Agility is a sport for you and your dog. Like any sport, also agility can be trained and competed at different levels. It can be a nice shared hobby for you and your dog in your free time or you can compete more seriously at top-level international competitions – still not forgetting having fun!
What is dog agility?
Agility is a dog sport, where the dog is handled through an obstacle course. The roots of the sport go back to 1970 England, when it was created as a demonstration sport. The first time dog agility was shown to an audience was at Crufts dog show in 1978. The new, fast sport immediately took off and within a couple of years it was given official dog sport status in the UK. Nowadays, agility is one of the most popular dog sports around the world.
Agility can be practiced with all kinds of dogs, no matter what the size. A good way to start is to contact your local agility club or an experienced coach, who can help you to start your new hobby safely. It doesn’t matter if your dog is a puppy or adult – contrary to common belief, old dogs can learn new tricks!

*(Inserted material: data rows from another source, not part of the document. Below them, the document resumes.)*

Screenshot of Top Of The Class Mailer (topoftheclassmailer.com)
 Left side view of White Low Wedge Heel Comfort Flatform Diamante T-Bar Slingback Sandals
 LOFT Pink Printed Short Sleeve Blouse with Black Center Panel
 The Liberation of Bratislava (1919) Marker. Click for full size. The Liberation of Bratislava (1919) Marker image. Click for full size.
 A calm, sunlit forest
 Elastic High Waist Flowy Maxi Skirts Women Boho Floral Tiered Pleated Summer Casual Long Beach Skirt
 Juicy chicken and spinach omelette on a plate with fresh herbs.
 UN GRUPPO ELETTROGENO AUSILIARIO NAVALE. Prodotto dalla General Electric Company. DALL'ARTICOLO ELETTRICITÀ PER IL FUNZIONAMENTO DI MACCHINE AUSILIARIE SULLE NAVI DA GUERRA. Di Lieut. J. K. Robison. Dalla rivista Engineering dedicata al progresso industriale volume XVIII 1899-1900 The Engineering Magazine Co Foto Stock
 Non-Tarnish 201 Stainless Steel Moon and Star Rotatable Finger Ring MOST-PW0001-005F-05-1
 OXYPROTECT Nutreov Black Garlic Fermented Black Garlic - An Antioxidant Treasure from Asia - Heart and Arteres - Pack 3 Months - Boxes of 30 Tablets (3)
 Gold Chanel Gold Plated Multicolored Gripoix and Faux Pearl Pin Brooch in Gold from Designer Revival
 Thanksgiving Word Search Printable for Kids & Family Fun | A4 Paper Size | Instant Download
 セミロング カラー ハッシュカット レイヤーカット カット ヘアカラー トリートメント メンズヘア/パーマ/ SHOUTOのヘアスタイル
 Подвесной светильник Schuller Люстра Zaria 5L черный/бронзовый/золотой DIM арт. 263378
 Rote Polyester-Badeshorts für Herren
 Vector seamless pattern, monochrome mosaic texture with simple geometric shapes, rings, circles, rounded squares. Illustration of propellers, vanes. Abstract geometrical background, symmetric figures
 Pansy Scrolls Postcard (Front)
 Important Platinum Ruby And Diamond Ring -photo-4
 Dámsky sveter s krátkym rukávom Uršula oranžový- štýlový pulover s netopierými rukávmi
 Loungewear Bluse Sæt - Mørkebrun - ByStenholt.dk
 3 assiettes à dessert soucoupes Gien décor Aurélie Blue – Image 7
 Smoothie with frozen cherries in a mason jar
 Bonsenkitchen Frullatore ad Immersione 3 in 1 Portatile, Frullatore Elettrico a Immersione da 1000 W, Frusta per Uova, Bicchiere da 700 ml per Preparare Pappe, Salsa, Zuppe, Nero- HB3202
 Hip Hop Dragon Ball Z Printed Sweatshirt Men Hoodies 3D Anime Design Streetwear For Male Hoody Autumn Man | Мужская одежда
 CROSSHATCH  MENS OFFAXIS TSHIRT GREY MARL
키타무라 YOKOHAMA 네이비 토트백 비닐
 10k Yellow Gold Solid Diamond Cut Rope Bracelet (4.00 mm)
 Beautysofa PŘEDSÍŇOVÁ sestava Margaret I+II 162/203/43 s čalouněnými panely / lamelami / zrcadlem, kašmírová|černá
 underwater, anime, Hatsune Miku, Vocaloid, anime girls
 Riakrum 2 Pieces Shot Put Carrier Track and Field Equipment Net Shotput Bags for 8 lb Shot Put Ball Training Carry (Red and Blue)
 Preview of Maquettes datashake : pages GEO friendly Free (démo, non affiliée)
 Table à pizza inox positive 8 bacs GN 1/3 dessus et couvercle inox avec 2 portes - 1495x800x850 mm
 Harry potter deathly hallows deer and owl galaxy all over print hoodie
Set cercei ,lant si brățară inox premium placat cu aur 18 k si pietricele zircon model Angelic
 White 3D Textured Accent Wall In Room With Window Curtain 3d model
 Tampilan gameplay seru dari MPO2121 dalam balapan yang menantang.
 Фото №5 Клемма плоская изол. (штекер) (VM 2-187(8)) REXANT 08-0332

It is important to move at the level of your dog’s skills, as there are levels from basic to advanced. You can also prepare your puppy for agility by safely teaching him basic agility skills, making it much easier to continue when the puppy grows up.
Agility is a sport
Agility is a sport for you and your dog, and like any sport, can be trained and competed in at different levels. It can be a nice hobby for you and your dog or you can compete more seriously at top-level international competitions – still not forgetting to have fun!
Your dog must be healthy and in a good physical condition as dog agility is physically demanding, especially for the dog. You need to focus on muscle care including warm-ups and cool-downs to avoid injuries.
Agility is also a sport for the handler who runs and moves quickly, so you need to take care of your own fitness. Remember to warm-up before doing agility, and stretch afterwards.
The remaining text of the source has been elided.